Personal Jeopardy Faculty members who work directly with students, discuss the disability, (possibly) look over the documentation, and agree to accommodation may be establishing themselves as the “gatekeepers” without meaning to do so. If the faculty member agrees to provide accommodation “x” and not accommodation “y” and later the student maintains that he/she was not appropriately accommodated, it is the faculty member’s decision that is subject to question and the faculty member who could conceivably be held responsible for violating this student’s civil rights. The faculty member who agrees to provide accommodations without institutional authorization for a student with one disability (for example, LD) but is less familiar and comfortable with another disability (for example, ADD) and sends that student back through channels for official documentation could be opening himself/herself up for charges of discrimination, intimidation, or harassment. Faculty members who conscientiously try to make life easier for the student by allowing the student to bring the documentation directly to them may gain access to confidential information to which they should not be privy. For all these reasons, it would be best for faculty not to be drawn into the collection of disability documentation or the decision-making regarding accommodation.

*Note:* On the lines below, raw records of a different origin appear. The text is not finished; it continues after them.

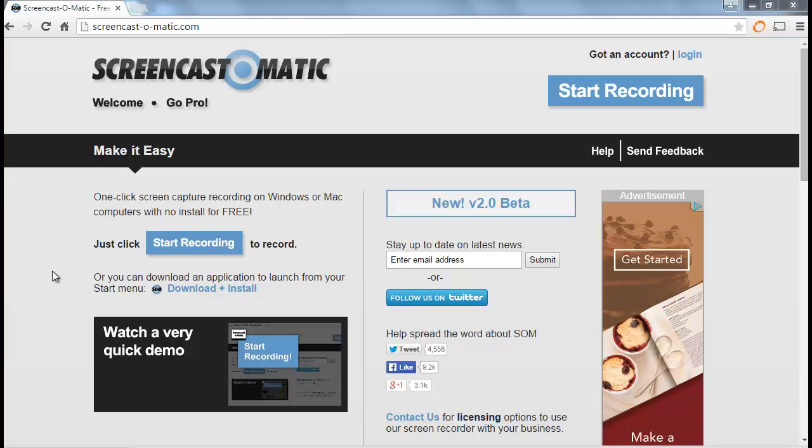In this 3-minute Teaching with Tech tutorial, we're going to take a look at Screencast-O-Matic. Screencasting is a powerful instructional application that allows you to record whatever you're doing on your screen and narrate over it. Screencast-O-Matic is one of the best free tools that's been out there for this for a long time. It works on your Mac, works on Windows, and you just come out to Screencast-O-Matic.com.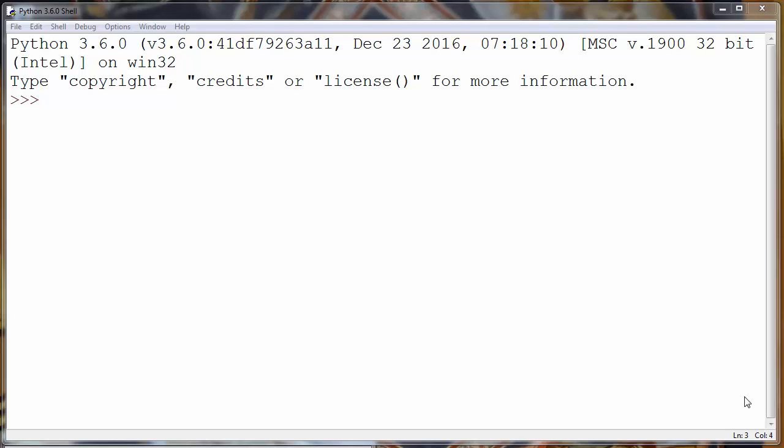Hi again. In this lesson we are going to talk about how to make an HTTP GET request in Python programming language.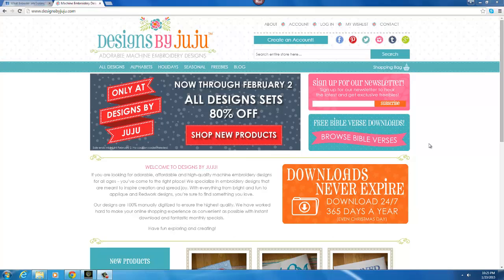Hi everyone, this is Julie from Designs by Juju and in this video I'm going to show you how to download your designs using the Google Chrome browser.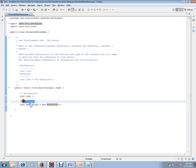So this video talks about the difference between declaring a variable and defining a variable. To summarize, declaration is just to have the variable name and its type, whereas defining a variable is the combination of declaration plus the initialization.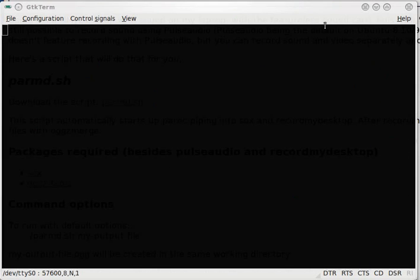Hi, this is a demo of Blue. You'll see here I have GTKTerm running at 57.6, 8.0 and 1, no hardware handshaking.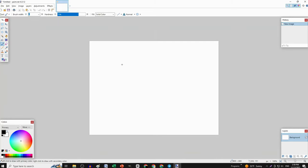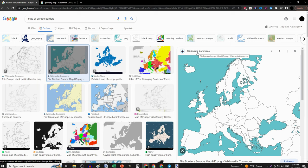First, open PaintNet. Then, go to Google and search for Europe border map, and copy any picture you like, and paste it on PaintNet by pressing Ctrl-V.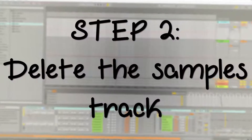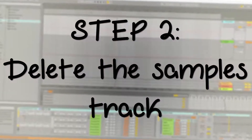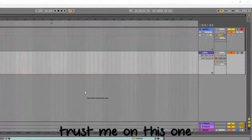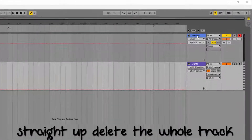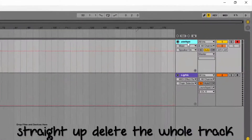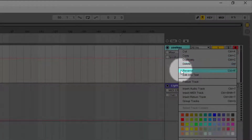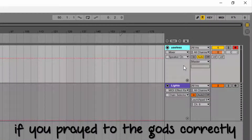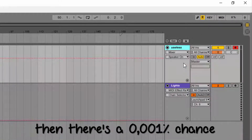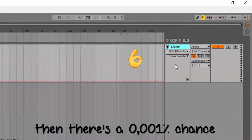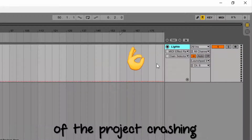Step 2: Delete the samples track. Trust me on this one — straight up delete the whole track. If you prayed to the gods correctly, then there's a 0.001% chance of the project crashing.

Institutional Jeopardy The student who provides documentation to a single faculty member (who accepts and acts on that documentation) may be able to make a legitimate case for saying the he/she informed the institution of the disability and the need for accommodation. The faculty member should not be discussing the information that has been shared (because of issues of privacy and confidentiality), and yet the student may be expecting to receive similar consideration and accommodation from other faculty on the basis of having provided the documentation to someone in authority at the institution. If it is not made clear that the institution has not been “notified” until the documentation is provided and requests are made from such-and-such an office, the institution may not be in a position to defend itself from charges of discrimination by neglect for a student who does not receive accommodation by others within the institution. Or consider this scenario — Professor A accepts the documentation and provides accommodation without going through channels, as do Professors B and C, and then Professor D says, “I will provide accommodations when I receive proper notification from the disability services office that this is appropriate.” Professor D looks like the villain for following the rules! More distressing, however, is the possibility that the institution may be facing some very real difficulties if the disability services office determines that some of the accommodations that Professors A, B, and C provided were not warranted by the documentation and does not prescribe those same accommodations for Professor D to provide.
Student Jeopardy Students with disabilities will still have those disabilities after they leave the postsecondary environment. Whether they choose to go on to graduate or professional school or seek a place in the world of work, chances are that if they needed accommodations to successfully function in higher education, they may need accommodation in their future endeavors as well. More and more often, those settings beyond the postsecondary experience are ready and willing to provide accommodations on the basis of verification from the higher education institution that those same accommodations have been provided during the student’s postsecondary career. If the student has no record of having been served by the institution — if the student was never on file in the disability services office and received all of his/her accommodations through individual discussion with faculty — that student will have no official history of being regarded or served as a person with a disability and may have a much more difficult time establishing the claim to accommodations in the future.
Bottom line: The policies and procedures were established
for everyone’s protection. Everyone needs to play by the rules!